Prime Minister Said Musa
“Yes, and it’s getting this investment through a loan from the Belize Bank, fifty percent; a loan from the government, twenty-five percent; and a loan from Social Security.”
Jules Vasquez
“But the union will say it doesn?t want anything to do with Sunshine; the Communication Workers Union, that’s the bottom line.”
Prime Minister Said Musa
“Well I am yet to hear that.”
Stewart Krohn
“Prime Minister what is the status of that deal with Sunshine now?”
Prime Minister Said Musa
“The status now is that I believe within the next two days we will finalise the arrangement and then sit down with the Belize Communication Workers Union and say this is the package, are you still interested, yes or no.”
Jules Vasquez
“And if they are not interested?”
Prime Minister Said Musa
“And then we will have to look at our alternative to see whether we shouldn’t hold the shares in trust for all Belizean or for all the workers of Belize for that matter.”
Stewart Krohn
“Prime Minister we know that the terms of the Social Security Board loan are very liberal, by Belize standards any way. Do you know what are the terms that the Belize Bank is offering to Sunshine to lend the fifty percent, what those terms are?”
Prime Minister Said Musa
“From what I have been told, it will be slightly higher but not much higher. In other words we are looking not at seventeen percent as I have seen somewhere in the press, but suspect I somewhere no more than then to twelve percent.”
Jules Vasquez
“Sir, the Sunshine loan is an unsecured loan. The Social Security Board’s attorney cautioned against it, because it is unsecured.
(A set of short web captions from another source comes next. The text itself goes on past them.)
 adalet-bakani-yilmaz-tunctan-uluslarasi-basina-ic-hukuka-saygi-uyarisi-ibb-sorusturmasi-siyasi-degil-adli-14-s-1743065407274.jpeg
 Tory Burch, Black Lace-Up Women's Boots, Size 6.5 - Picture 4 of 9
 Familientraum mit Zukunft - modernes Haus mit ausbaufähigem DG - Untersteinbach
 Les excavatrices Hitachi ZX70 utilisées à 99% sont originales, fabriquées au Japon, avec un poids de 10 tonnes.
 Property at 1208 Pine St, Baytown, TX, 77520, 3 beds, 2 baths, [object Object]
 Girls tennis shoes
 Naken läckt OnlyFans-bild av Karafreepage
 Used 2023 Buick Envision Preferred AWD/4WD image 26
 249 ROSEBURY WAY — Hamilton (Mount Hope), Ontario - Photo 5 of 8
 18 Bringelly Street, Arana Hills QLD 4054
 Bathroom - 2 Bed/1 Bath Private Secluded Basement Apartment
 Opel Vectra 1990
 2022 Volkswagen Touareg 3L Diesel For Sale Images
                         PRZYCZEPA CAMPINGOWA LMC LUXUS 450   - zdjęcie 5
Is this just as the Opposition has intimated, is this just because government is desperate for money to meet its significant external obligations and is seeking to use Social Security money so that it can hurriedly get the money to its pay external commitments?”
Prime Minister Said Musa
“On the contrary, one of the objectives of Social Security is to assist those who contribute to that fund and the workers are some of the major contributors of Social Security. Now in this case, the people who will benefit most will be the workers of B.C.W.U. They won’t have to pay any exorbitant interest rate, they will be able to pay at eight and a half percent, they will be given a grace period, and all this is done under a worse case scenario to ensure that B.T.L. will be able, through its dividends, to service that loan. Okay, thank you all very much.”
The full State of the Nation Address will be broadcast following this newscast.